How healthy is your data? Here’s a quick check-up you can perform!
 

Step 1: Map your data

If you are like most companies, data is spread across many separate locations and software platforms. The first step toward a strong data heartbeat is to build a data map that represents the several types and locations that your company has.
 
We all trust that our doctors understand what our circulatory system looks like before they operate on us. This applies for data management. Before you can operate on your data, you need to know what you have!
 
Perform an audit to identify what data is being collected across the company. Your goal is to identify all the data collected, which means you need to investigate data collection practices across teams and departments.  Do you collect customer contact information? Is your customer information in one place, or do several teams collect their own information? How about buying history? Where do you track marketing campaign performance or current inventory? Where do you keep track of your sales leads? What sales information are you tracking? 
 
Once a data map is formulated, it will be easy to answer each of these critical questions:
 
  1. What personally identifiable information (PII) is my company collecting and storing?
  2. Why are we collecting and storing PII and other data? Who is asking for it?
  3. Where is it stored? Is the data centralized or siloed (stored in multiple, disconnected locations)? 
  4. How are we using the data that we are collecting and storing? Where is it sent? Who is accessing it?
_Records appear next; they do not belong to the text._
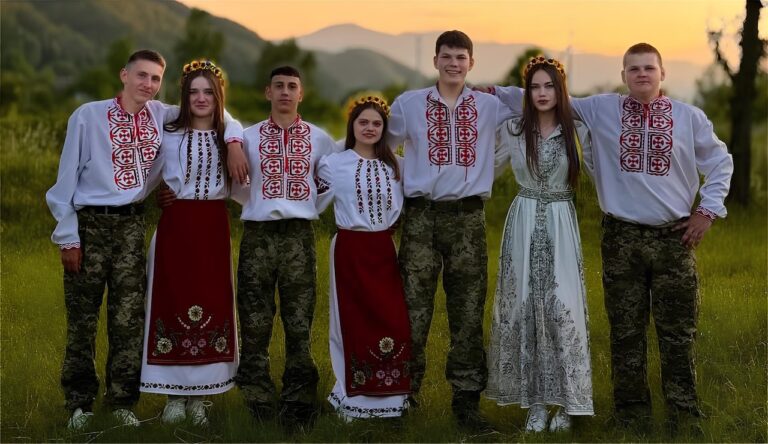 Херсонські підлітки змагаються в обласному етапі Всеукраїнської гри “Джура – 2025: Буковинська Січ”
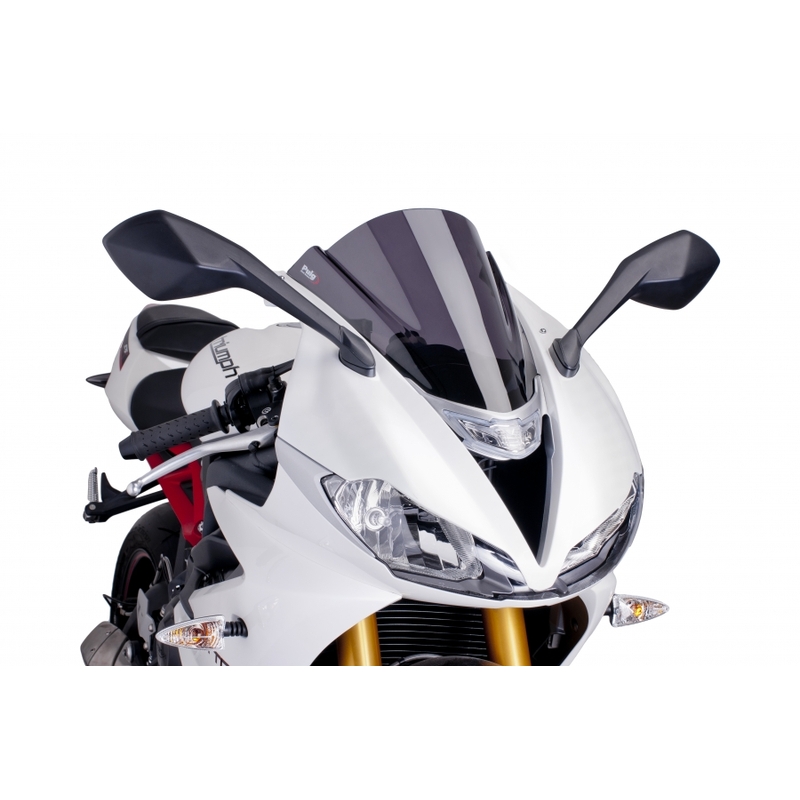 Puig-Triumph Daytona 675 (13-15) DIRŽANJE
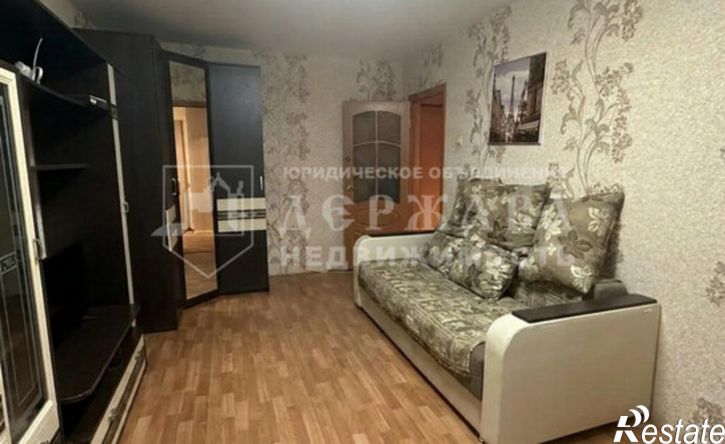 1-комн квартира Ленинградский пр-кт, 21А,  д. 21А
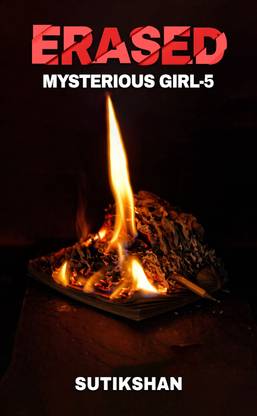 ERASED: Mysterious Girl -5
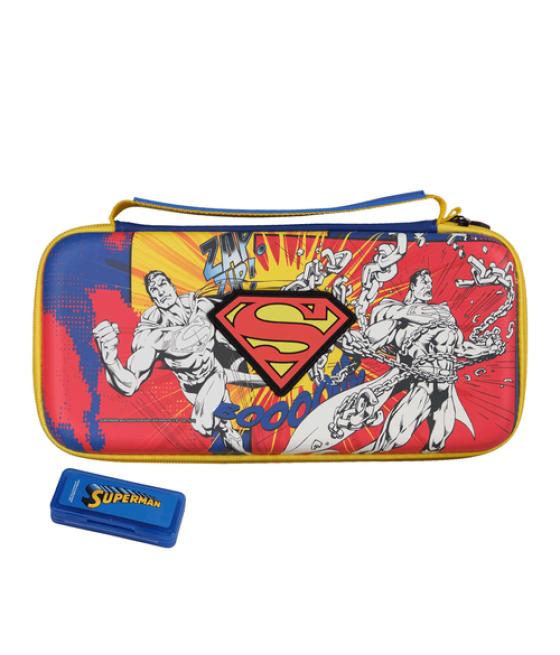 FR-TEC Switch Premium Bag Superman
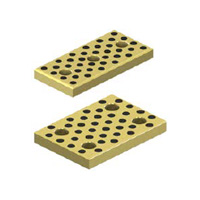 Copper Alloy Slide Plate (10mm)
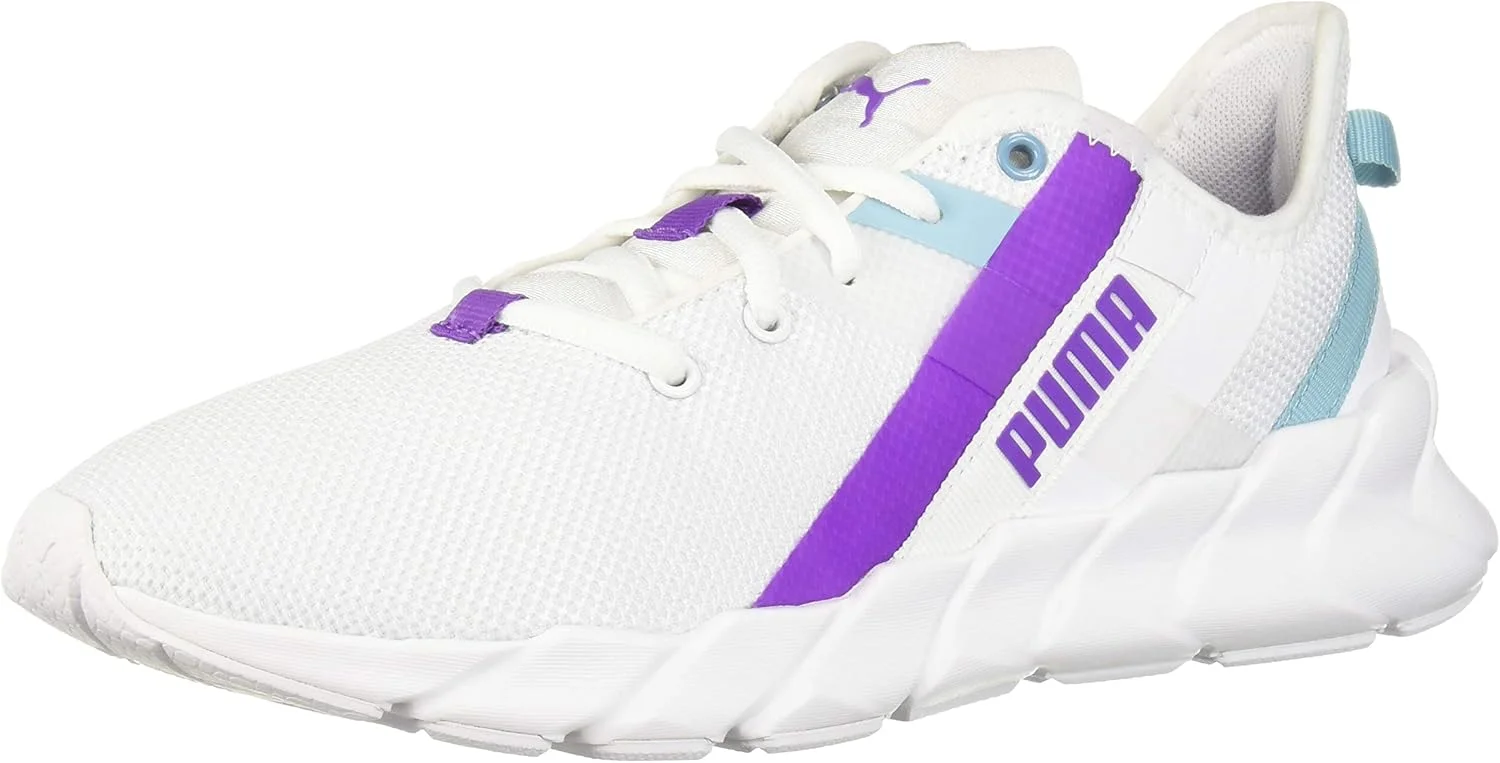 کفش ورزشی دخترانه پوما مدل Weave Xt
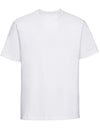 Russell Miesten t-paita Authentic Heavyweight (215M)
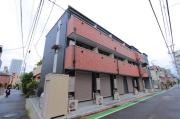 京成本線京成船橋駅まで徒歩11分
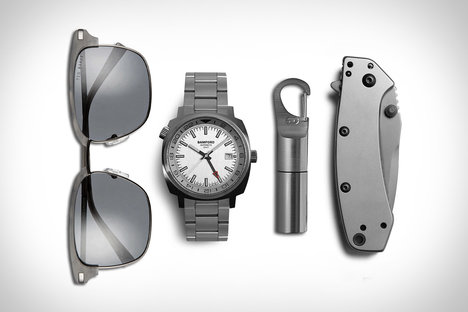 Everyday Carry: Clip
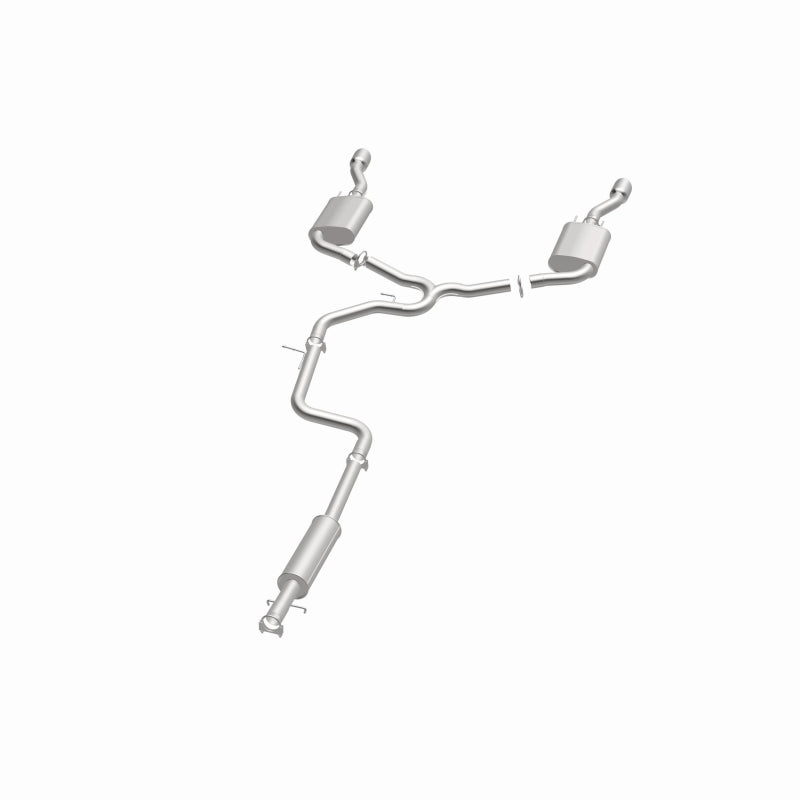 Magnaflow 106-0326 BRE Exhaust Kit 12-16 fits Chevy Impala 3.6L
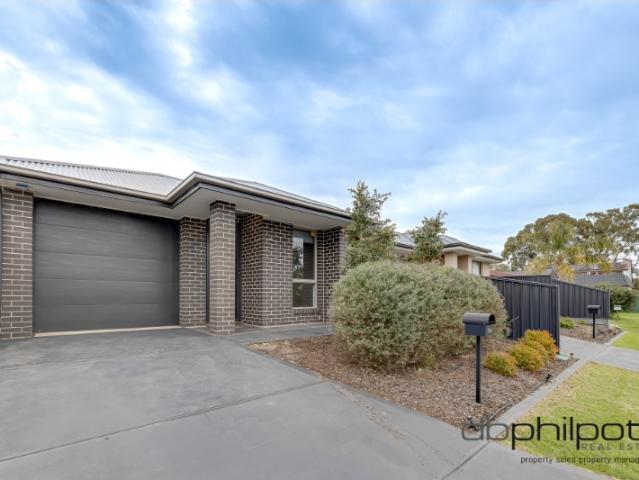 house to let in 6A Chinner Street, RIDGEHAVEN 4 bed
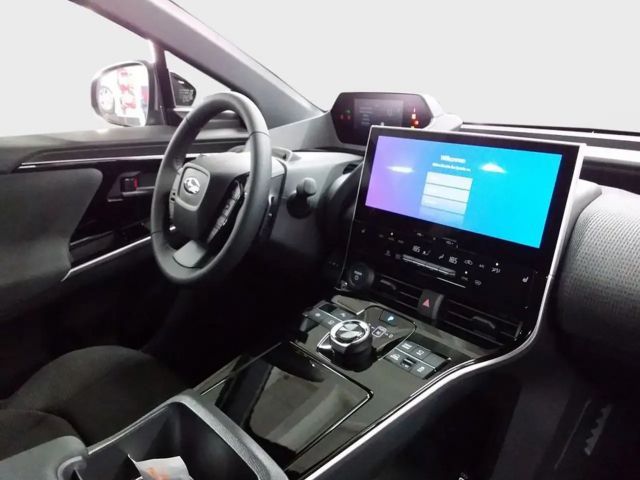 Subaru Solterra Comfort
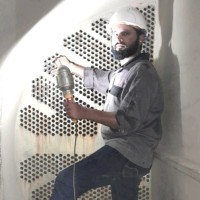 Fahad Khalid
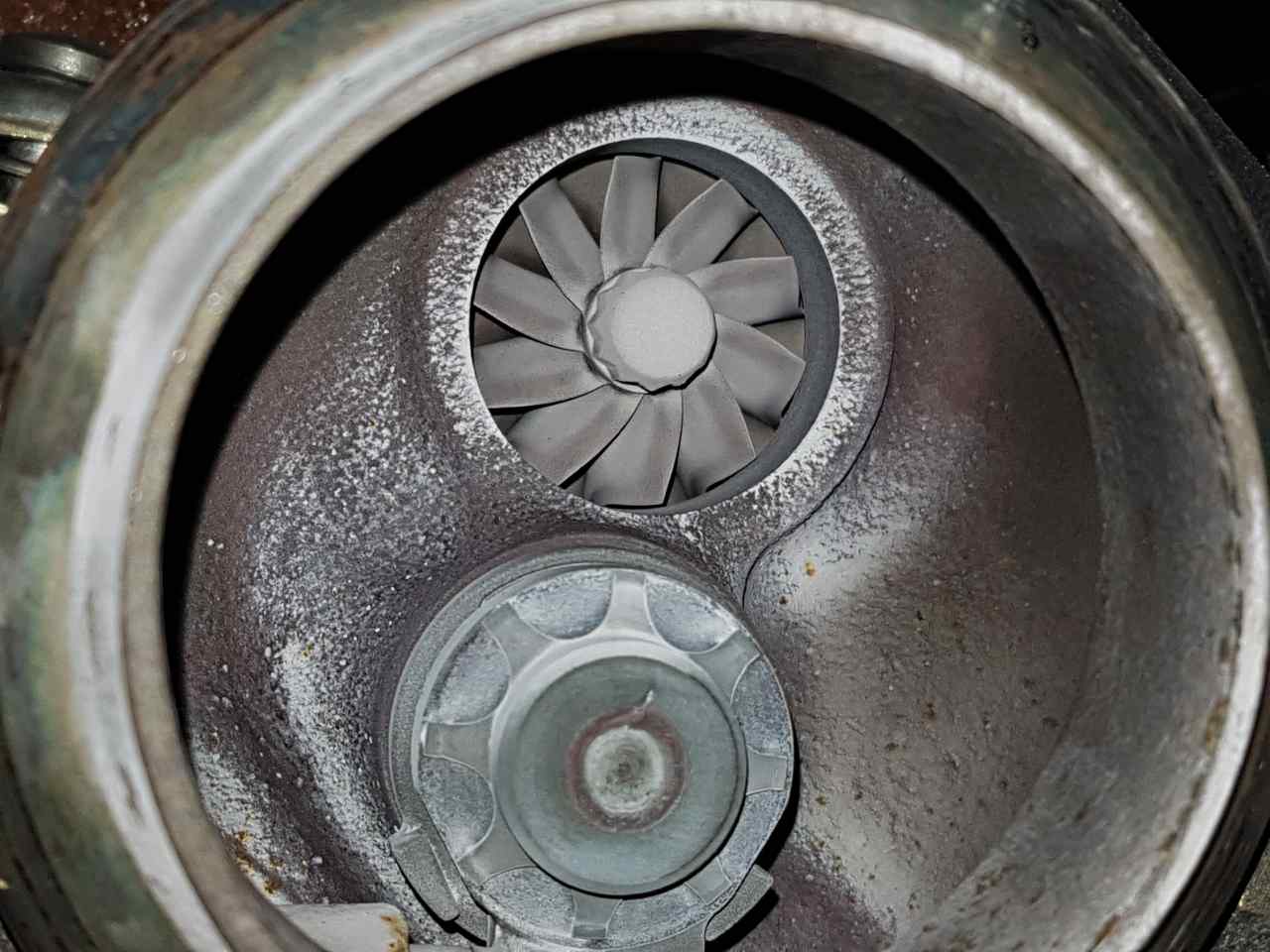 Motor Completo para Renault Clio V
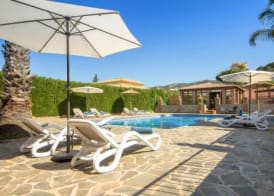 Villa Conmigo Bed & Breakfast 5
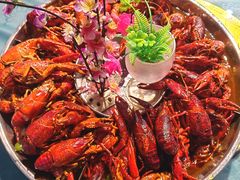 -虾铺子龙虾·私房菜(金源花苑店)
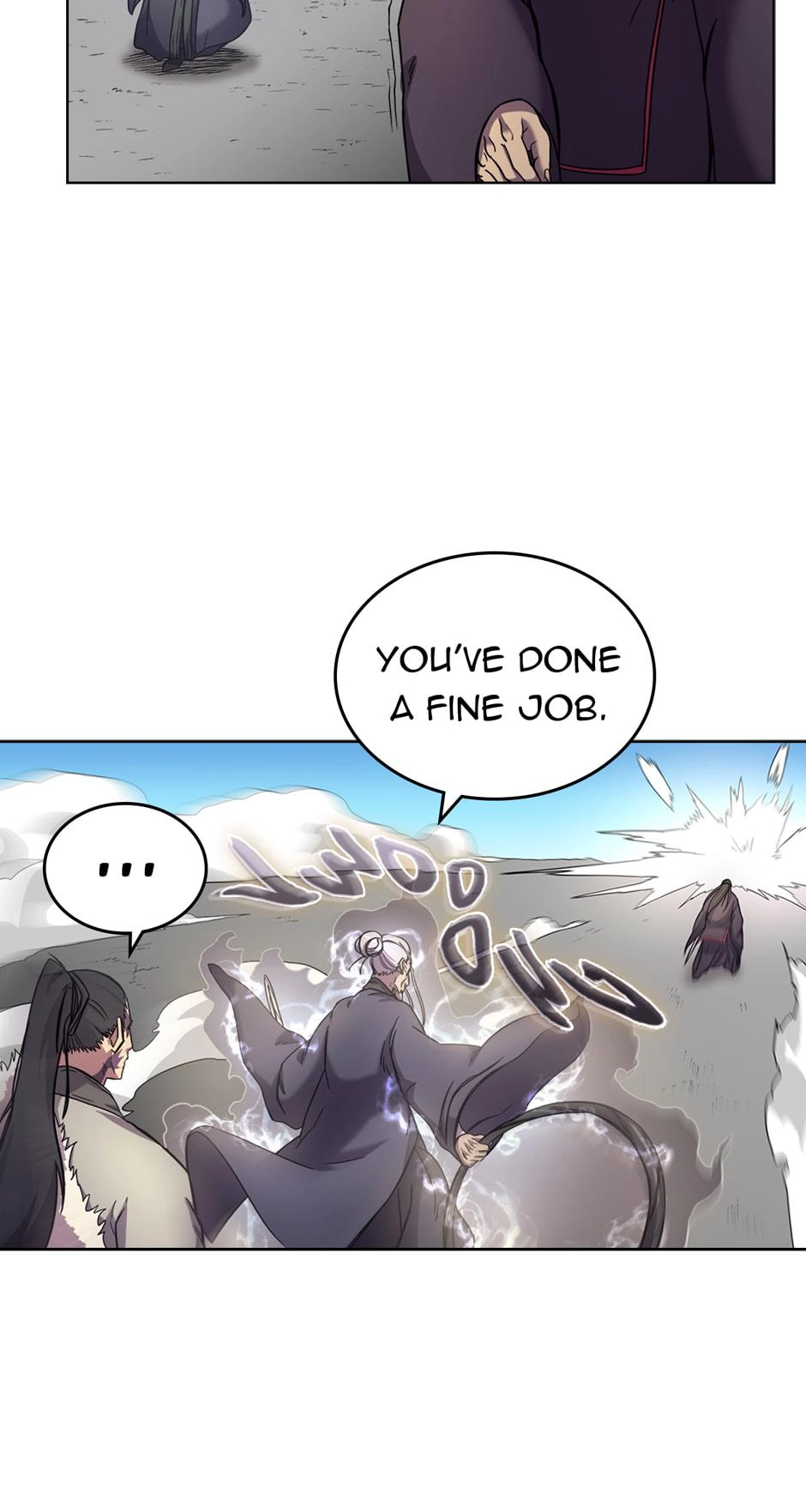 Heavenly Demon Reborn! Chapter 105 - Page 39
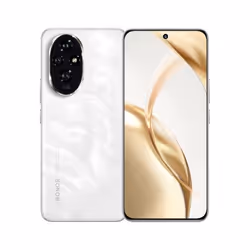 Honor 200 5G, 17 cm (6.7"), 12 Go, 512 Go, 50 MP, Android 14, Blanc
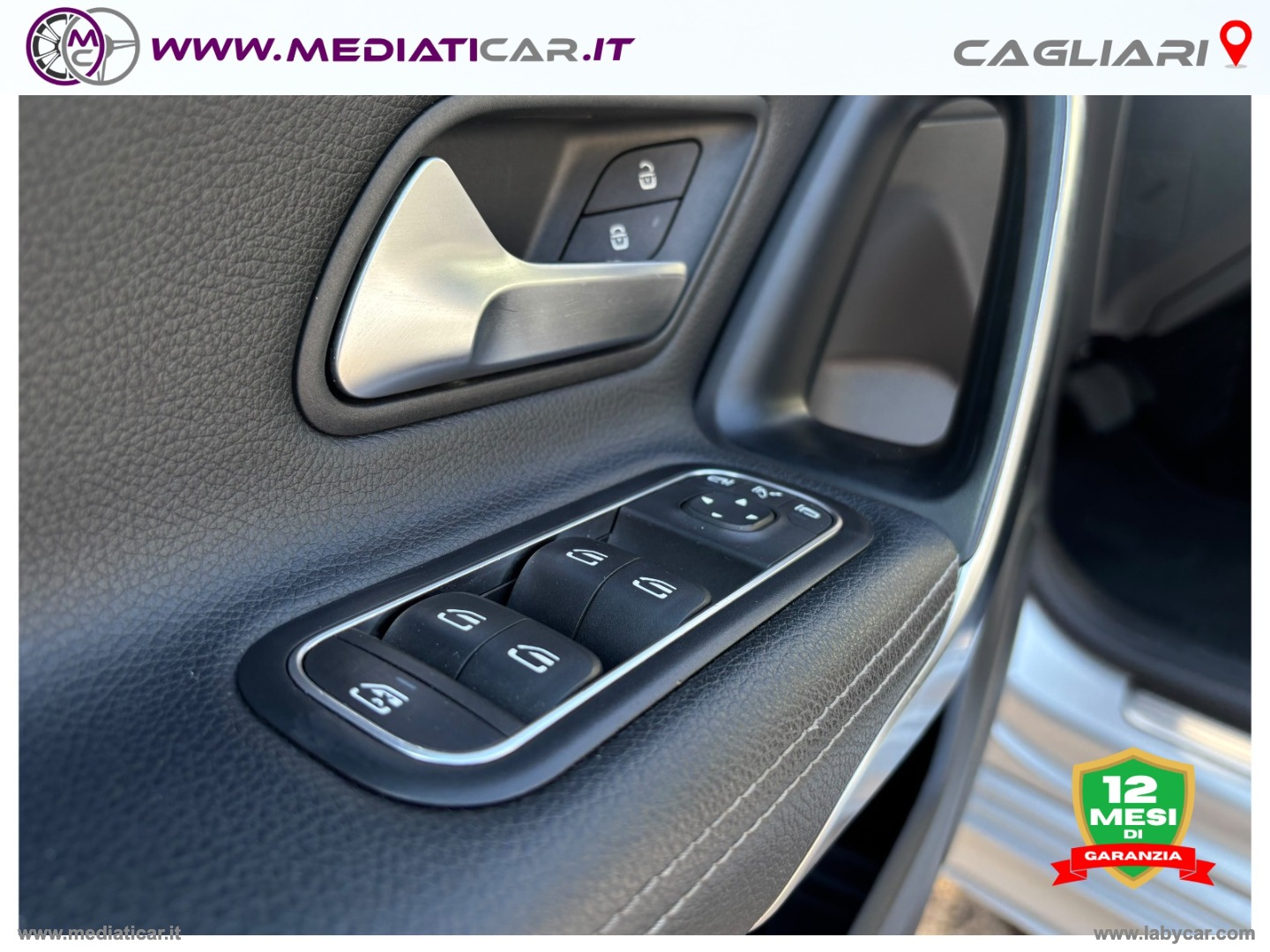 A 180 d Automatic Premium - immagine 12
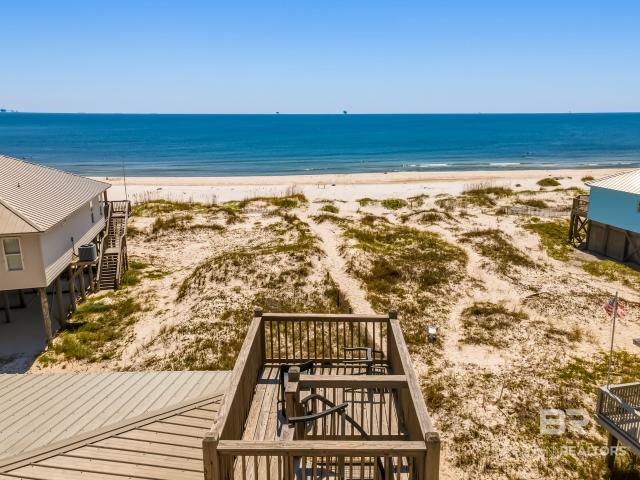House for sale in Mobile County Commission District 3, Dauphin Island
Step 2: Centralize your data 

Just as blood needs to reach the heart, you need to centralize your data before using it to drive insights. Data map in hand, you know have a clear picture of data you are collecting, the places it’s stored, and who needs access.
 
The next step is to start reorganizing and centralizing your data into a healthy data architecture.
 
A healthy data architecture is one in which the data collected is working for you—you know what you have and how you are going to use it. Having a healthy data architecture also means that you are protecting your customer’s privacy:
  1. Only collecting the information needed
  2. Securely storying it
  3. Limiting access to the data to those who need to work with it.
This may sound overwhelming, but there are many different solutions available to this. Spending time reviewing your company’s goals and pain points will pay off! You will want to adopt a software solution that scales according to your needs. Here are some common options:
  • Customer Relationship Management systems (CRM): track all your customer data so that you can retain, build, and develop strong customer relationships.
  • Data management platform (DMP): used in advertising to store and activate third party data.
  • Customer Data Platform (CDP): used to route data sources into one central location.

Step 3: Clean your data

To get the most out of your data, you need to be sure that it is clean. This is like the importance of having plaque-free arteries to supply the heart with blood. Clean data includes several components: 
 
  1. Irrelevant data removed (this includes outliers).
  2. The data has been de-duplicated.
  3. The data stored in a consistent format (think of phone numbers: What are you using to separate the numbers? The formatting should be consistent for every phone number you are storing!)
  4. Missing data filled in where possible.
  5. Data validated (this step involves checking the stored data for accuracy).

Step 4: Find the pulse of your data

Now you’re ready to put your data to work! The challenging work mapping, centralizing, and cleaning your data pays off when you can start analyzing and leveraging it. This step will look a little different for every company, it revolves around what you collected and the questions you want to be able to answer. You might leverage your data to answer questions related to customer behavior and buying patterns, tracking, and predicting sales, streamlining processes and operations, or budgeting and forecasting.